Economists typically use two or three major metrics to measure a state's economic well being: Gross State Product, personal income, and employment. There's a fourth — migration — that I think is extremely important, though it's less frequently used. How has Michigan fared in these metrics?

Just 10 years ago Michigan ranked 16th among the states in economic output (as measured by per-capita GSP). Today it is 41st. The Great Lake State is the only state in the union to experience negative growth from 1999 through 2008. We have been living though a "lost decade."

During that time Michigan's per-capita personal income ranking tumbled from 16th to 34th. Today it's a whopping 11.2 percent below the national average, the worst it has been since they started keeping track of this in 1929. We used to be a relatively wealthy state — today we're among the poor.

Our state currently has the nation's highest unemployment rate, 15.2 percent. That's even higher than Puerto Rico. Since we started getting comparable monthly figures in 1976, only two states have held this distinction: Michigan and Louisiana. Louisiana had more jobless than Puerto Rico the month after it was blasted by Hurricane Katrina.
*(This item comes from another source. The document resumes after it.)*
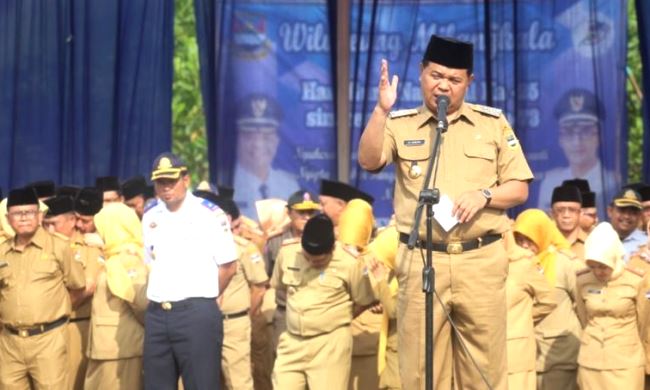 Umbara Bebas dari Pidana Pemilu umbara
Apparently that doesn't even compare to Michigan's hurricane of bad public policies.

There is arguably no better metric for summing up quality of life issues than migration rates - people voting with their feet. It takes a lot to make people get up and go, and the preceding figures show why Michigan has what it takes. Last year, Michigan lost enough people to populate a city the size of Ann Arbor. Another metric — provided by United Van Lines — indicates that a whopping 70 percent of all their Michigan-related traffic is outbound.

The solution to Michigan's problems is simpler than are willing to admit. The economic science tells us that if you raise the price of anything — from wheat to cars to new houses, you will get less of it. There is an inverse relationship between price and quantity demanded.

So, the way to reverse Michigan's economic fortunes is to lower the cost of living, working and investing in the Great Lake State for families and job providers. Specifically the Mackinac Center has recommended:

Eliminate the Michigan Business Tax — not just the current surcharge on it — and replace the money it raises with cuts in government spending. States that live without one of the three major taxes (business, income and sales) typically outperform states that have all three.

Pass Right-to-Work legislation. There may be no greater single economic development policy that Michigan could adopt. Counties in states that have right-to-work laws and border counties in states that do not enjoy one-third more manufacturing employment as a percentage of their population than their neighbors across the border. That's about as apples-to-apples as you get in economics, and the result could not be clearer.

Rein in the Department of Environmental Quality. If a firm can't get a permit to start or expand a business here, it will never even get around to worrying about state taxes and labor laws — it just won't be doing business or creating jobs in Michigan, period. It's a 100 percent tax rate. My colleague Russ Harding, the former director of the DEQ, has described this department as out-of-control.

What should we not do? Rely on the big, newsy, flashy projects that involve the state promising millions of dollars in targeted tax credits or subsidies to slick operators in sexy industries who promise to "create" jobs. Every one of these handouts is an implicit admission that it costs too much to live, work and grow a business in Michigan. If that's true for the few then it's also true for all, and should be fixed for all, not just a politically well-connected minority.